Interreligiöses Lernen als erinnerungsgeleitetes (anamnetisches) Lernen: Hier geht es um einen angemessenen Umgang mit der Vergangenheit in Form des Erzählens oder auch in Form von Gedenktagen, Besuch von Museen und Mahnmalen/Gedenkstätten (S. 15), Studium von Biografien und entsprechende Medienimpulse. In diesem Kapitel hätte der Blick noch erweitert werden können, um Erinnerungsorte (Schwendemann 2021) oder Boschki (2015) um anamnetisches Lernen. Das Autor:innenteam ist sich jedoch einig, dass in den drei abrahamitischen Religionsgemeinschaften genügend sich überschneidende Bereiche existieren, die sich auf ERINNERUNG beziehen (vgl. Lk 22, 19; Sure 62, 10; Sure 33, 41; Buch Exodus) (S. 16).

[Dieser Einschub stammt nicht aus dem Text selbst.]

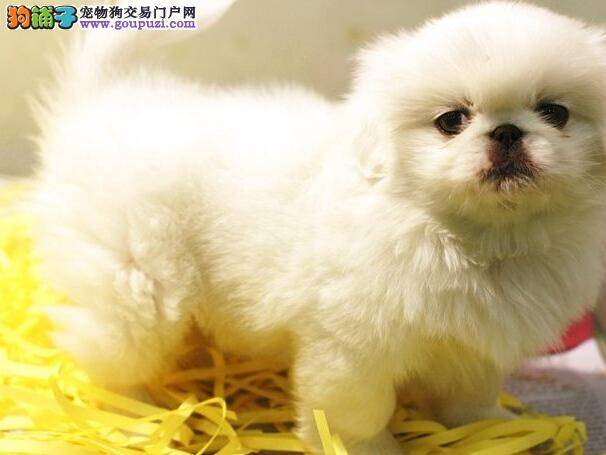 新手妈妈喂养必备手册之京巴犬高龄衰老的症状有哪些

Interreligiöses Lernen als ästhetisches Lernen innerhalb der Sakralraumpädagogik: Fokus dieses didaktischen Modells ist „eine religiöse Wahrnehmungs- und Ausdrucksschulung“ (Sinneswahrnehmung, Gestaltungs- und Handlungsfähigkeit, Entscheidungs- und Urteilsfähigkeit).

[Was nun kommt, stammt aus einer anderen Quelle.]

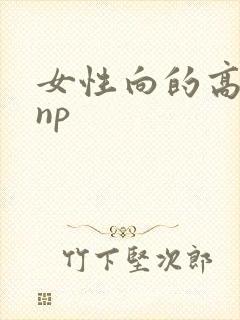 女性向的高h文np封面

Das Modell der Kirchenraumpädagogik stand Pate dieses Ansatzes, der sich auf Kirchen, Synagogen, Moscheen, buddhistische und Hindu-Tempel erweitern lässt. Die „Heiligkeit“ bzw. Besonderheit eines sakralen Raumes soll in diesem Ansatz im Vordergrund stehen: „Sakrale Räume mit Schüler*innen zu erschließen, kann den Sinngehalt des Glaubens erschließen, der in Kirchengebäuden, Tempeln, Synagogen, Moscheen usw. zu Stein geworden ist. Denn heilige Stätten sind als außerschulische Lernorte lesbare Texte „vergangenen“ Lebens sowie geronnene Formen von Glauben und Gottesdienst unterschiedlicher Zeiten und Epochen“ (S. 17). Methodisch geht es immer um folgende Schritte:
- Phase der Eröffnung und des Wahrnehmens,
- Phase des Denkens, Verstehens und Wissens,
- Phase des Handelns, der Verdichtung und des Erlebens (S. 18).
Interreligiöses Lernen als biografisches Lernen: In diesem Modell sind Biografien von Männern und Frauen des interreligiösen Dialogs wichtig, denn Biografien sind immer auch „gedeutetes Leben“.
In dem Kapitel „Grundlagen interreligiösen Lebens“ werden bestimmte erkenntnisleitende Begriffe definiert. Unter „Toleranz“ wird im Folgenden verstanden: „Toleranz ist die von einer bestimmten Überzeugungsposition aus geleistete Duldung von konkurrierenden geistigen Positionen …, verbunden mit dem Eintreten für deren öffentliche Selbstdarstellung.“ (S. 19). Gemeint sind dann Personen als Überzeugungsträger:innen und dann in einem weiteren Sinn auch religiöse oder politische Narrative bzw. Erzählgemeinschaften (S. 20).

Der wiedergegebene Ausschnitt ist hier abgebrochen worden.